There are four approaches to confirming a viral infection in the laboratory. Namely:
- serology: demonstrating an antibody response in a patient's serum
- direct detection of viral antigens in a clinical sample
- virus culture
- viral nucleic acid detection
1. Antibody assays:
An acute or recent infection may be confirmed by demonstrating the presence of specific IgM in a single serum sample, or showing a sero-conversion or rise in titre of specific IgG in paired sera.
In general, the presence of IgG and the absence of IgM, is indicative of past infection or immunity.
These days, antibody assays are usually tested by means of the enzyme-linked immuno-assay (ELISA) technique.
2. Direct demonstration of virus
(a) Electron Microscopy
Viruses are very small and cannot be visualized by light microscopy. Historically the electron microscope was very useful in defining the morphology of many human viruses. However, it is not a tool that is routinely used to identify viruses in a diagnostic setting. This is because viruses are usually present in very small numbers in clinical specimens and other contaminating material tends to obscure their presence.
(b) Demonstration of virus-infected cells in clinical samples by labelled antibodies.

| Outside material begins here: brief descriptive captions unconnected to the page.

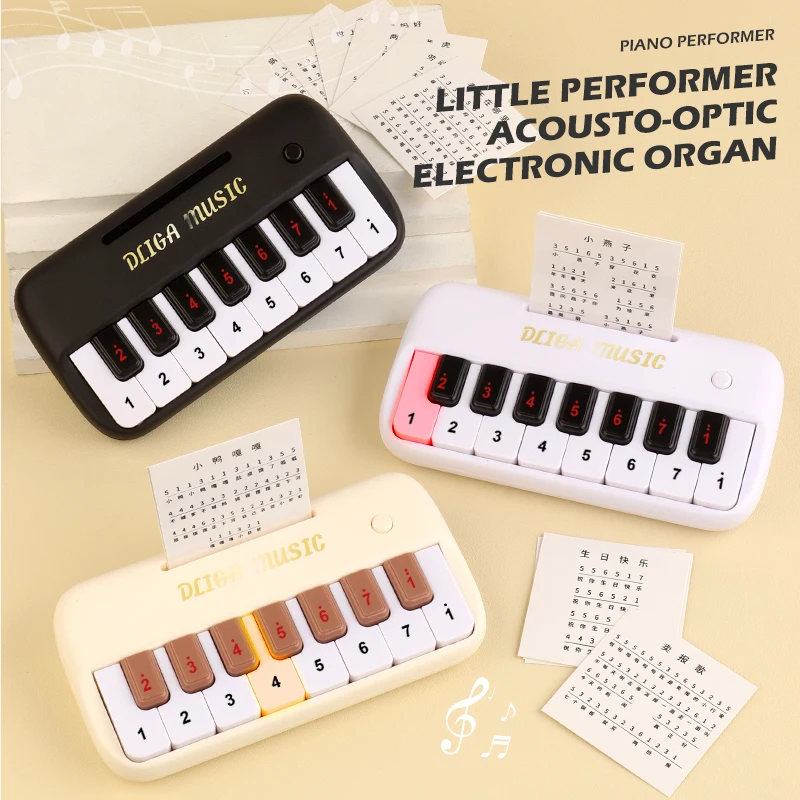 Plastic Electronic Mini Keyboard Piano Toy for Kids Music Learning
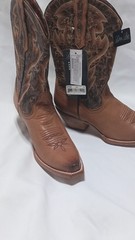 Dan Post DP4398 Men’s Western Equestrian Boots Brown Premium Leather Size 8.5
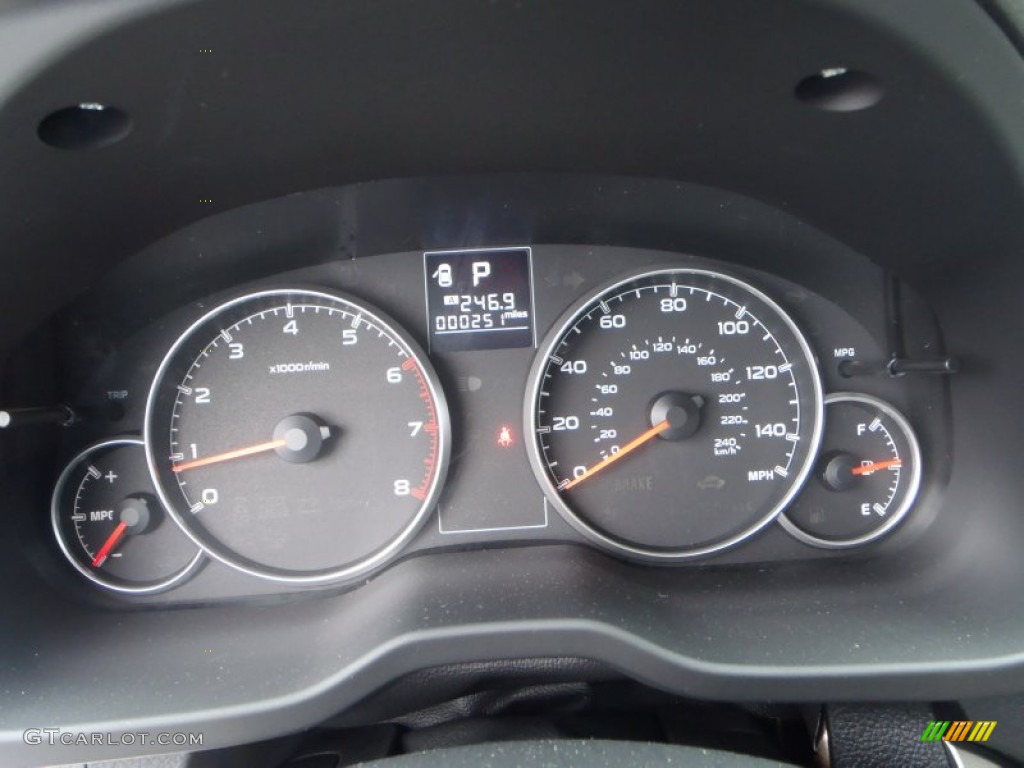 2013 Subaru Outback 2.5i Premium Gauges Photo #82101114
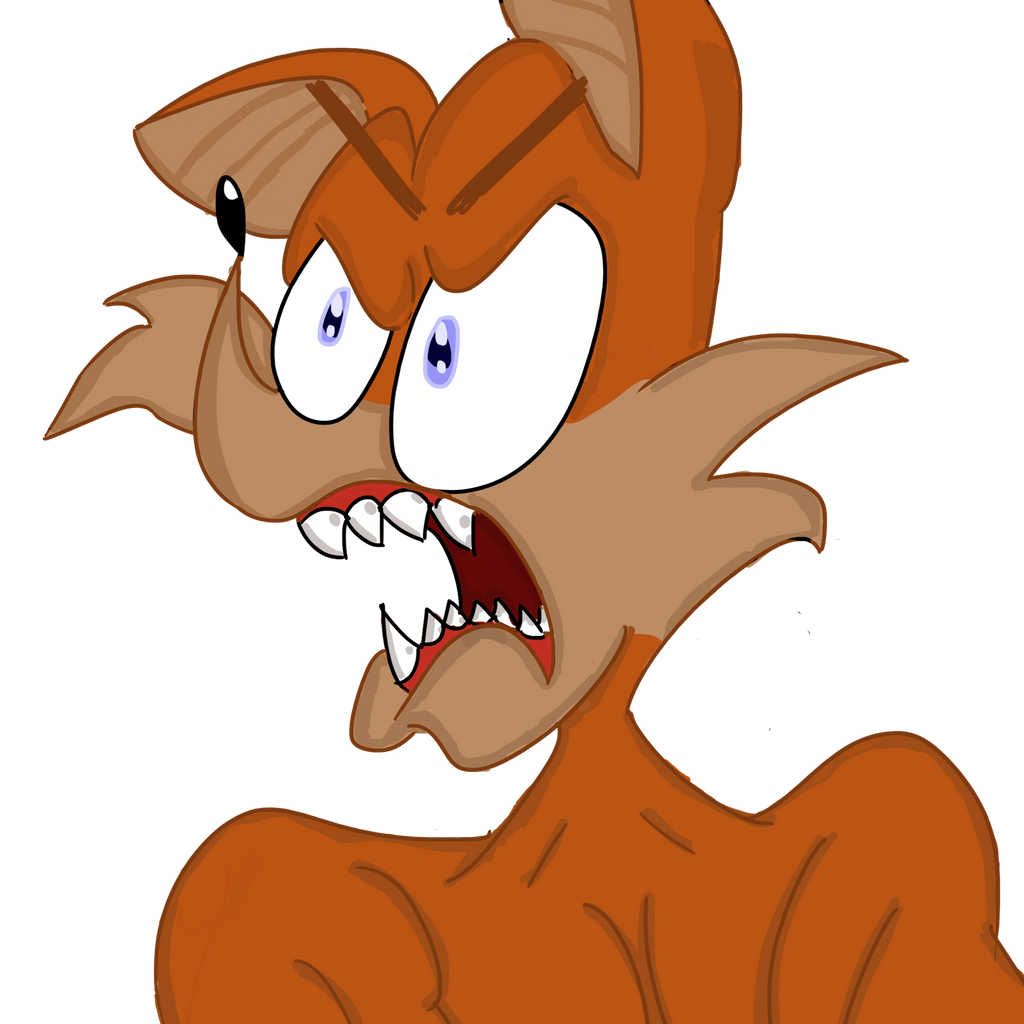 Two Tails Rage Mode Rage Mode angry Tails by PotyPoteto on DeviantArt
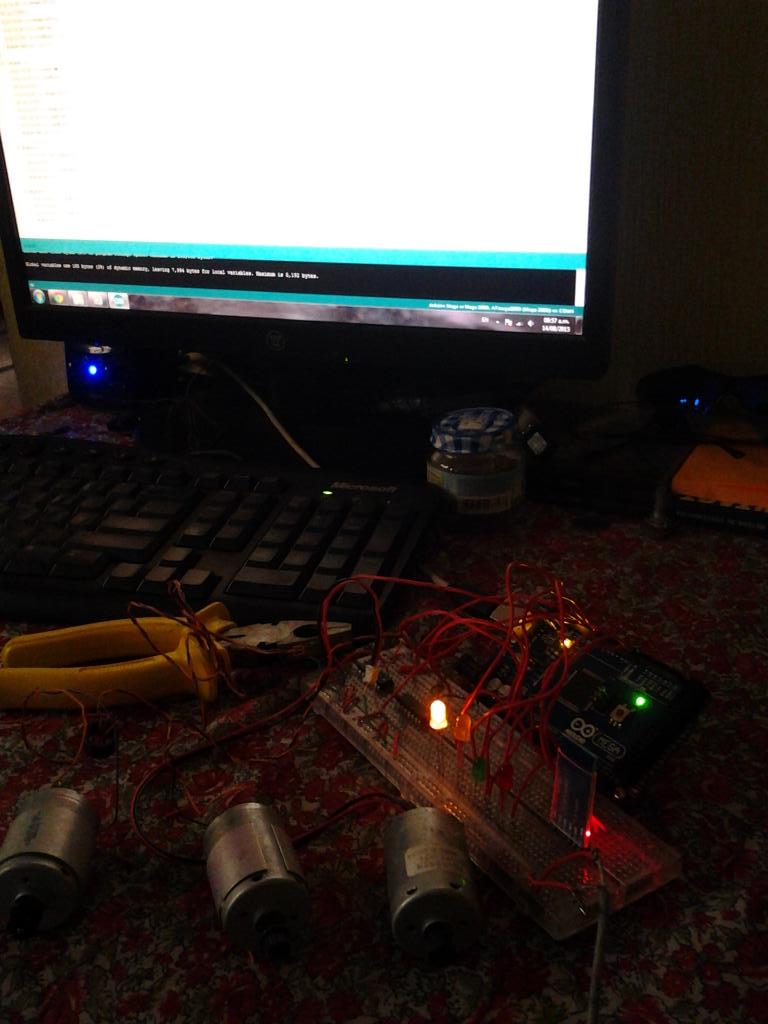 dottogc's tweet image. Logica dispensadoras listas. #ArduinoMega2560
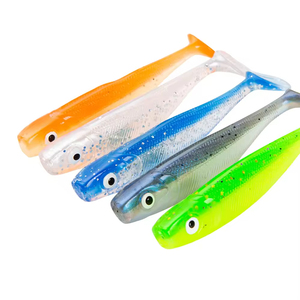 Leurre souple en PVC The Brave, leurre nageur artificiel 2,1g 65mm <span class=keywords><strong>sans</strong></span> hameçons, optimisé pour <span class=keywords><strong>la</strong></span> pêche au bar en rivière, lac, ruisseau, océan, plage - Product Image 5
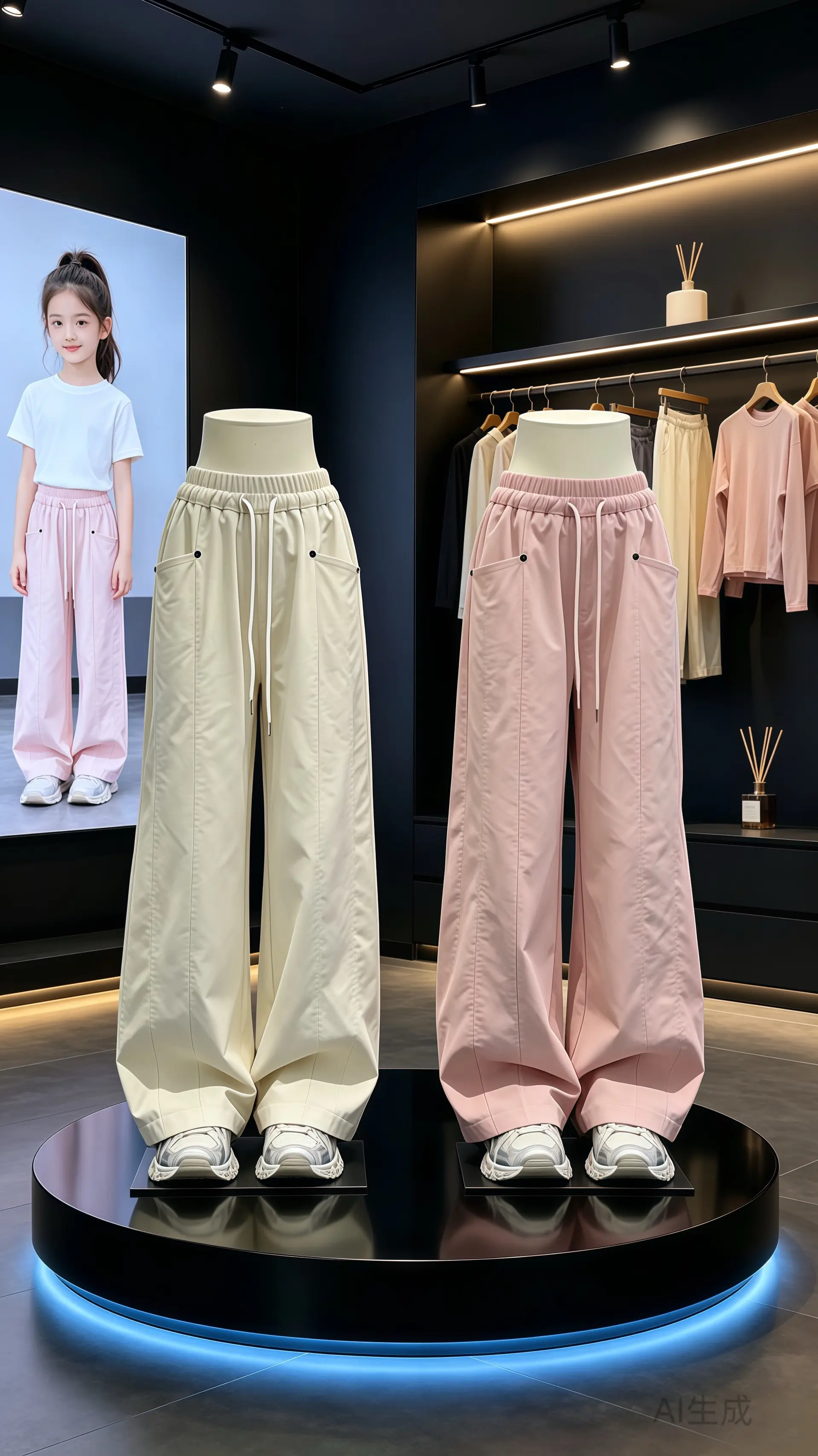 休闲裤 阔腿裤 这才是高级感穿搭变装 当我尝试夏日韩系明媚感穿搭 晒出...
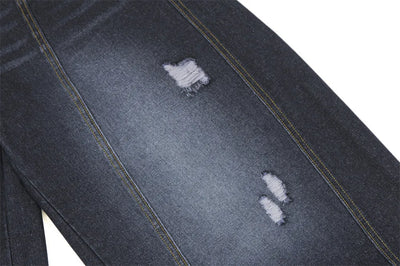 BLACKWASH Barrel Leg Wavy Seam Jeans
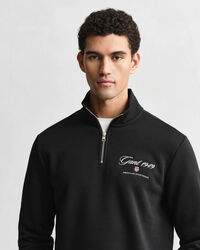 Graphic sweatshirt met korte rits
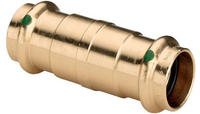 Viega - Schiebemuffe Mit Sc Sanpress 2215.5 In 54mm Rotguss, 216153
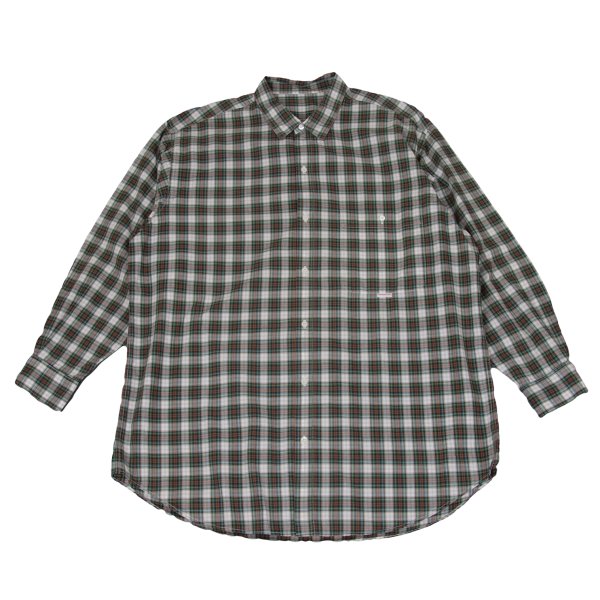 Papas Green Check Cotton Shirt Size L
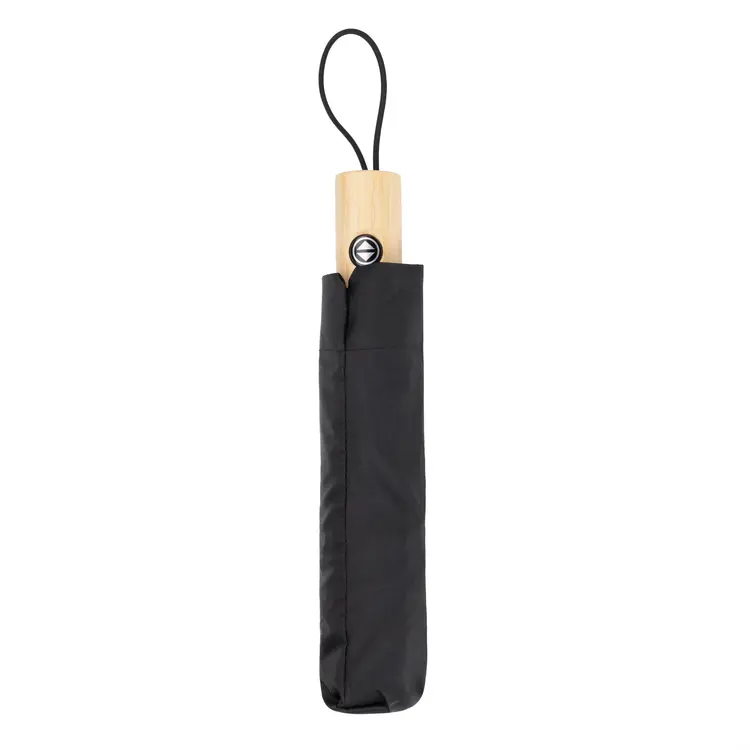 Parapluie compact Chocó avec poignée en bambou #2
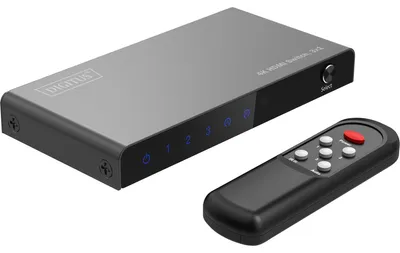 Produktbild von DIGITUS 4K HDMI Switch, 3x1
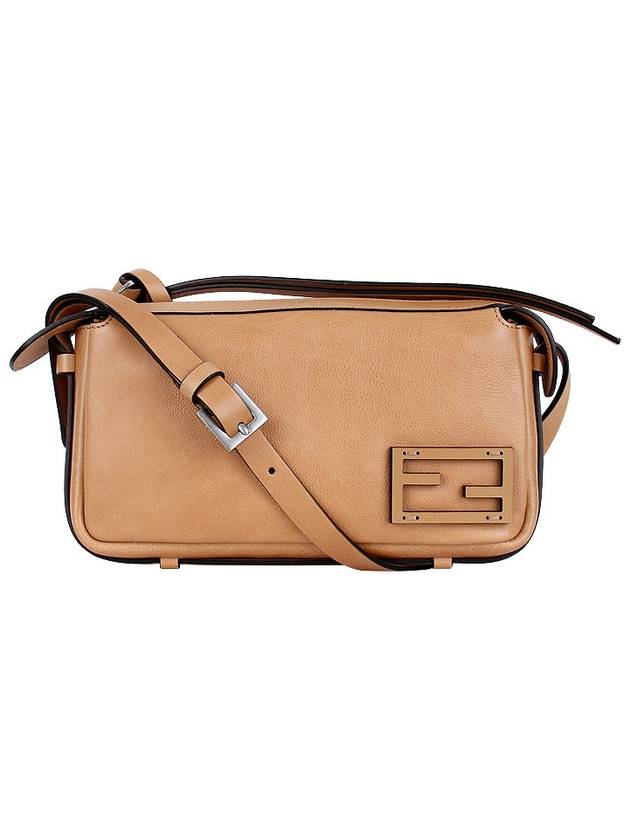 Simply Mini Leather Shoulder Bag Beige - FENDI - BALAAN 2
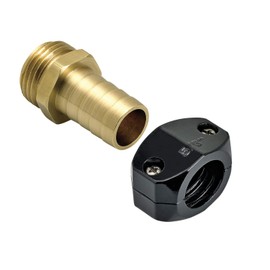 Underhill Metal Garden Hose Repair Super Heavy Duty Brass Menders with Zinc Clamp - HR-58M - 5/8" Clamp with Male Mender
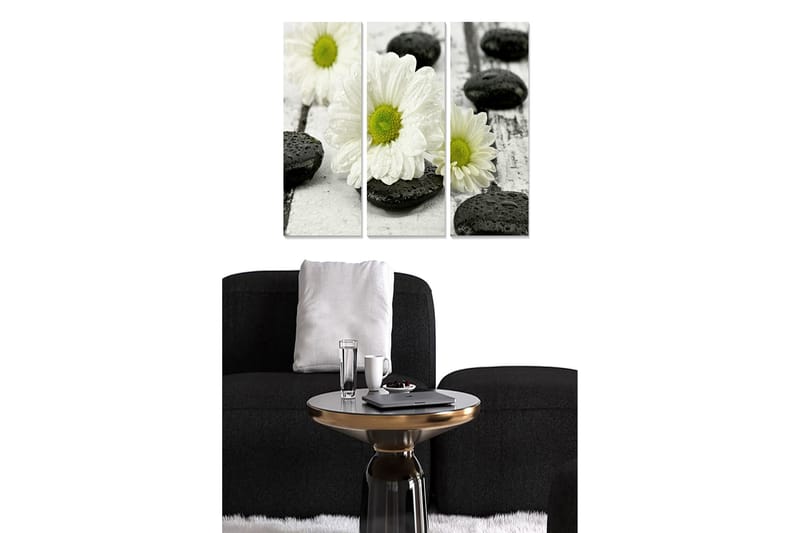 Dekorativ MDF-målning 3-Delar 20x50 cm - Flerfärgad - Inredning - Tavlor & konst - Canvastavlor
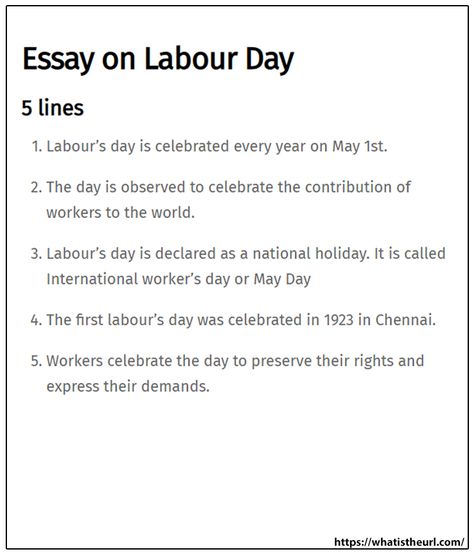 Essay on Labour Day Labour Day Speech In English, Labour's Day, Speaking Activities English, Essay Words, Male Face Drawing, Poems In English, International Workers Day, Workers Day, Speaking Activities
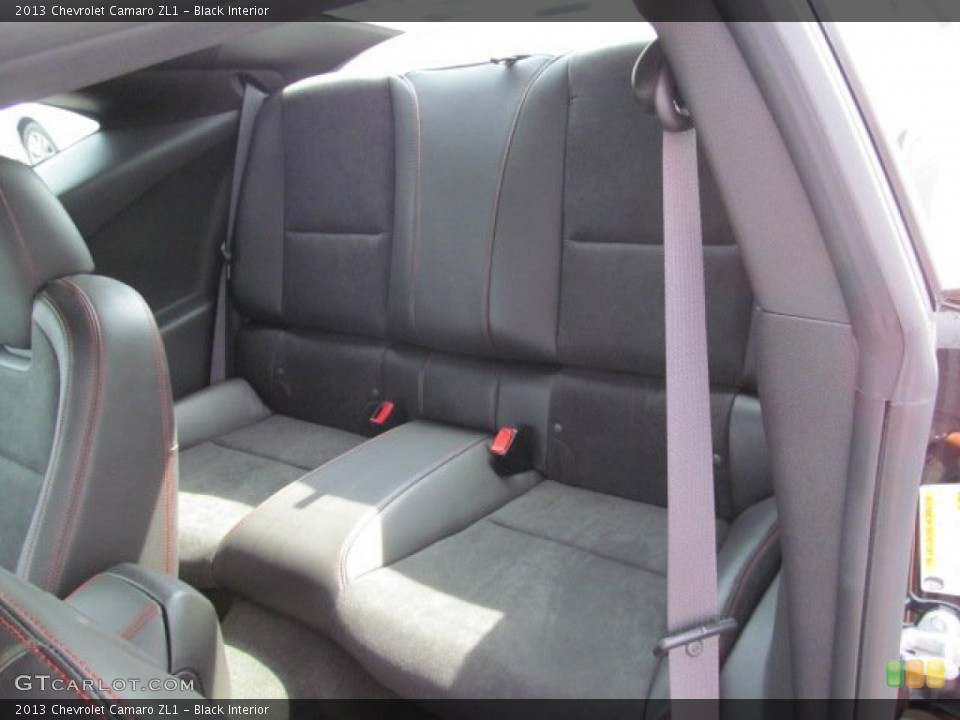 Black Interior Rear Seat for the 2013 Chevrolet Camaro ZL1 #71480600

This technique is commonly used to identify the causative agent in a patient with a respiratory infection, caused by viruses such as RSV, Influenza or Adenovirus.
Infected cells synthesize and express viral proteins (antigens). The presence of these can be detected using specific mono-clonal or poly-clonal antibodies labelled with fluorescene (a green dye). The antibody binds to the cells if they express the corresponding antigen. The cells can then be visualized by examination under a fluorescent microscope. Positive cells fluoresce a bright green colour.
The limitation of the test is that you have to know what virus you are looking for.
The advantage is that one can get a very rapid answer as to which virus is causing the problem.
Viruses can only replicate in living cells. Therefore to culture them in vitro one must provide them with living cells. In the past it was common to use laboratory animals, or chick embryos to grow viruses, but these have largely been replaced by the use of cell monolayers.
The clinical sample is inoculated into a test tube containing a glass cover slip on which a cell monolayer is growing. Replicating viruses change the appearance of the cells to induce a cytopathic effect. Different viruses cause different types of cytopathic effects. Only some medically important viruses can be cultured.
Immunofluorescence: Another way to identify a virus growing in a cell culture is to add fluorosceine labelled monoclonal antibodies to likely viruses to the cell sheet and examine under a fluorescent microscope.
4. Molecular techniques
Nucleic acid amplification techniques such as polymerase chain reaction (PCR) can be used to detect viral genomes in clinical material. The same technique can be used to detect any DNA sequence (viral, bacterial or other). To detect RNA, an initial reverse transcription step is performed (converts RNA into cDNA). After this, PCR can be performed. Molecular assays are very sensitive (able to detect only a few viruses in a clinical sample.) They can also be used to measure the amount of virus (viral load) in a patient's sample.